Life After Leadership: Building a Foundation to Step Down

Building a future vision, providing mentorship and trusting in colleagues are a few ways to ease this inevitable transition


Omary
Wendy Wai Man Lam, MBBS, FRCR
Lam
Garry Gold, MD, MS
Gold

This is the third article in a three-part series about the experiences of radiologists in leadership. Read the first and second articles in the series.

For radiologists in leadership positions, a critical step is letting go—trusting the teams they’ve built and the legacy they’ve bestowed.

“There’s a point where we as radiologists will have more impact, and benefit radiology more, by stepping out than by staying in,” said Reed Omary, MD, MS, a tenured professor of radiology and biomedical engineering at Vanderbilt University School of Medicine in Nashville, TN.
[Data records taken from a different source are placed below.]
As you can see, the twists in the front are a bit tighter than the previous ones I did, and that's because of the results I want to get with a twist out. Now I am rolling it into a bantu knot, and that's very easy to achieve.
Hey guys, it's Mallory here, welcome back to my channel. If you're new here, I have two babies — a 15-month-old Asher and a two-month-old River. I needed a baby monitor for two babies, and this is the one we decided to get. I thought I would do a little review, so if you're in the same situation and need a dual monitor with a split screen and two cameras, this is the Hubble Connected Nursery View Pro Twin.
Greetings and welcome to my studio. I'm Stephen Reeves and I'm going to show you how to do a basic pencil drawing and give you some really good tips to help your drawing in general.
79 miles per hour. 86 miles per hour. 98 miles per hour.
For more than a decade, Dr. Omary served as Vanderbilt University Medical Center (VUMC)’s chair of radiology. In 2023 he took a sabbatical to explore a more (literally) global undertaking—examining sustainability in medicine and strategies to benefit patients, communities and the planet.

“I approached the process as a researcher does,” Dr. Omary said. “As scientists, if we want to study something, we collect data. And to do that we have to be good listeners.”
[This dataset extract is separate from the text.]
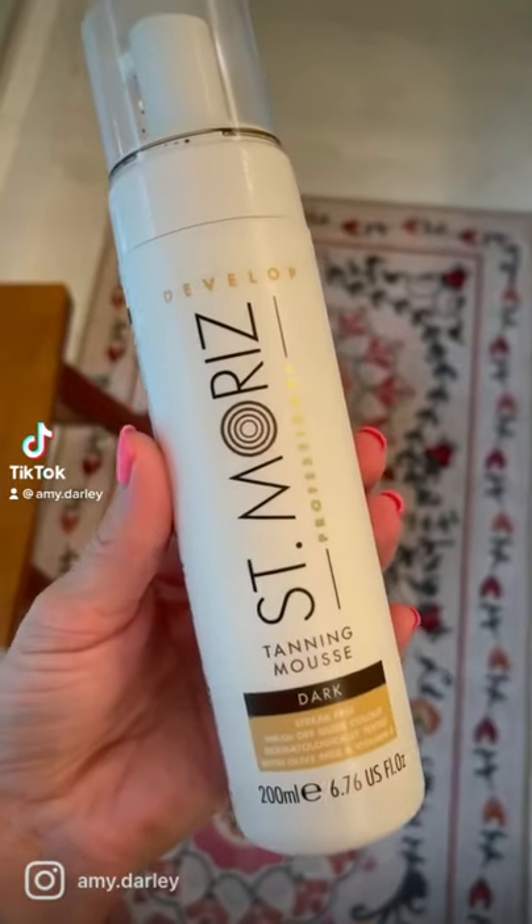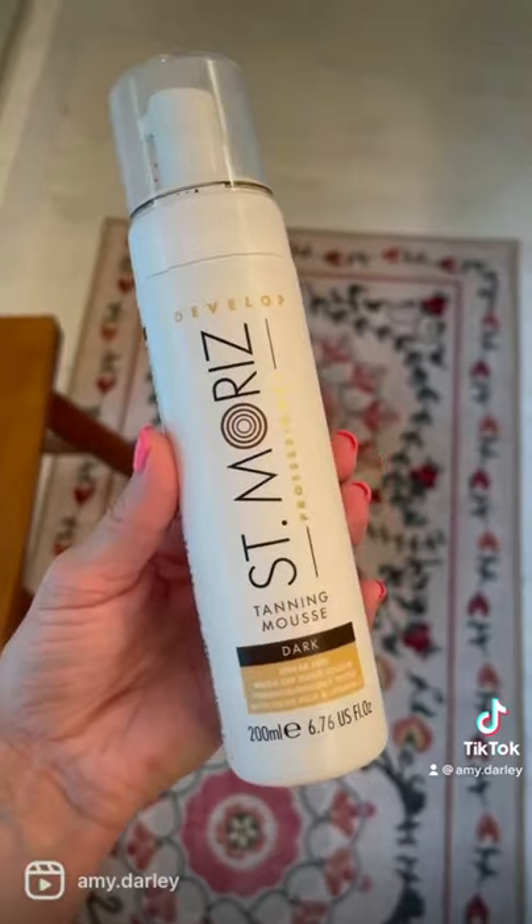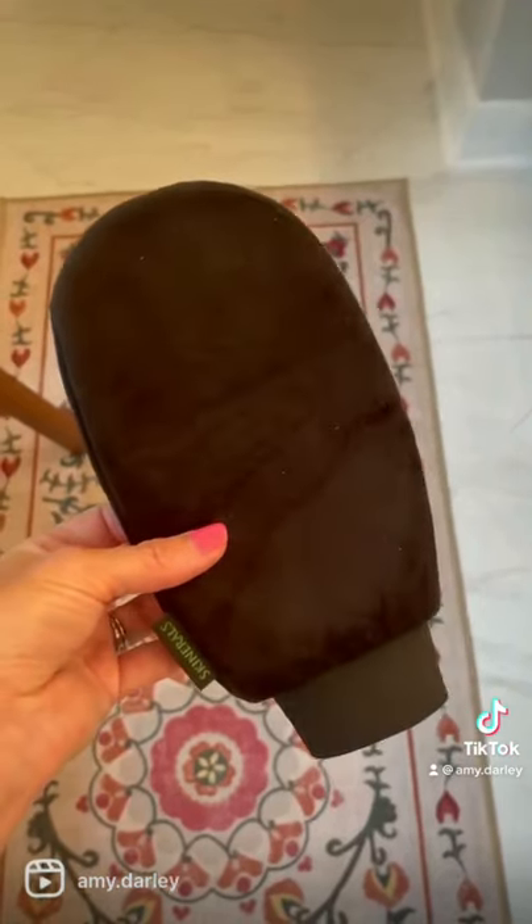A $12 self-tanner you have to try. The St. Morris tanning mousse had really good reviews, so I wanted to try it out since it was only $12. It also came with a tanning mitt, which I didn't like, so I'm using my old one instead.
He interviewed hundreds of people from across the world, from CEOs to chefs, poets to politicians, and students to scientists, chronicling his experiences and observations on The Green Leap, an ever-growing platform of blog entries, videos and podcasts exploring health care systems’ impact on the environment.

What he learned helped lay the groundwork for Greenwell Project, a nonprofit with a mission to design sustainable medicine with patients at the center.

Meanwhile, at Vanderbilt, Dr. Omary was confident that he’d fostered an environment where upcoming leaders can thrive. As department chair, he established a $2 million endowment specifically for leadership development. He founded VUMC’s Medical Innovators Development Program, which trains candidates through a four-year curriculum centered on empathetic innovation. 

“One of our roles as leaders is to build a pipeline of future leaders,” Dr. Omary said. “We don’t do this for ourselves; we do it for our departments. The whole point is the perpetuity, the legacy—building something that will outlive me. It’s the same approach when considering future generations and the planet.”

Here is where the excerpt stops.